To determine cell size of rosette leaves we used the ImageJ software(http://rsb.info.nih.gov/ij/). For cytology analysis, inflorescences from stem, leaves and eight-day-old seedlings of wild-type (Col-0), APC10S and RNAi APC6 lines were fixed overnight at 4°C in a FAA buffer (3.7% formaldehyde, 50% ethanol, 5% cold acetic acid, 0.1% Triton X-100) after two infiltrations of 30 minutes each. The tissues were washed at room temperature in 1×PBS buffer (2×30 minutes), then in 50% ethanol (2×30 minutes), 70% ethanol (1 hour) and 96% ethanol (overnight). After two additional washes in 100% ethanol, the samples were successively incubated 15 minutes in 100% ethanol/histoclear mix(75%/25%; 50%/50%; 25%/75%) and 3×15 minutes in 100% histoclear. The samples were then incubated at 60°C in a histoclear/Paraplast mix (1V/1V)overnight and in 100% Paraplast for 2 days (with the solution changed 2 times per day). Tissues were embedded in 100% Paraplast and sections were cut on a microtome (Leica RM2155). Sections were then colored with Toluidine Blue and observation were done on a Nikon Eclipse E800 microscope (Champigny sur Marne,France).
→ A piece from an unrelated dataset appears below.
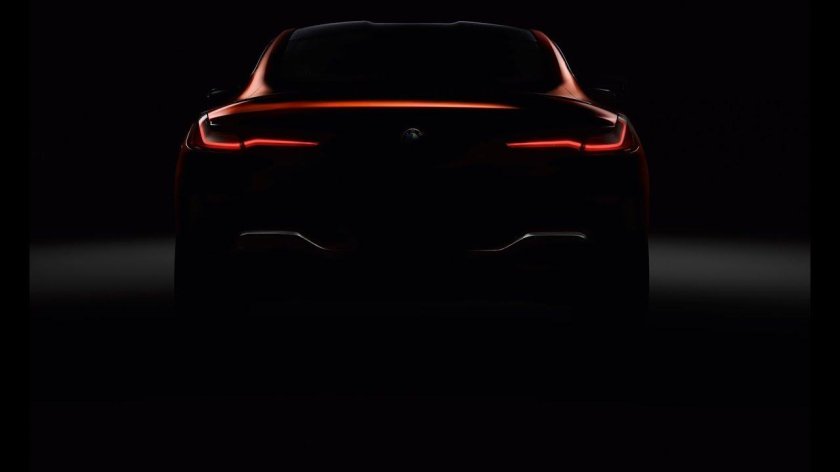 БМВ на черном фоне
The role of the APC/C in post-mitotic cells is still poorly understood in all organisms. Thus, we investigated whether components of the APC/C pathway are expressed in differentiated and post-mitotic cells, during the process of leaf development. We took advantage of the ProCYCB1;1::NterCYCB1-GUS reporter line (Colon-Carmona et al.,1999) to monitor cell division activity and harvested Arabidopsis leaves at different developmental stages, ranging from very young leaves with high cell division activity to fully expanded leaves,in which cell division activity is scarce and most cells are differentiated(Fig. 1A). This analysis includes selected subunits of the APC/C(Capron et al., 2003a) and,most importantly, different APC/C activators (CDC20 and CCS52/CDH1), as well as two specific ubiquitin-conjugating enzymes (UBC19 and UBC20). In contrast to AtCYCB1;1, all APC/C subunits tested (APC3/CDC27A, APC4, APC6 and APC10)were expressed similarly at the different leaf-stages(Fig. 1B). In particular, their transcript levels remained high in fully expanded leaves (lane 5). However,both classes of APC/C activators were expressed differentially. Under our experimental conditions, we could detect in leaves the transcripts of only two of the six CDC20-related subunits (CDC20-1 and CDC20-2). Both showed an expression profile similar to AtCYCB1;1, suggesting that they are cell cycle regulated. In contrast to the CDC20-types of activator, CCS52/CDH1-related subunits, as well as the E2 UBC19 and to a lesser extent UBC20, remained expressed in older leaves, suggesting their involvement in the function of APC/C in post-mitotic cells. These data are consistent with the recent finding that some APC/C subunits are expressed in organs with overall low cell division rate, such as siliques (Eloy et al., 2006).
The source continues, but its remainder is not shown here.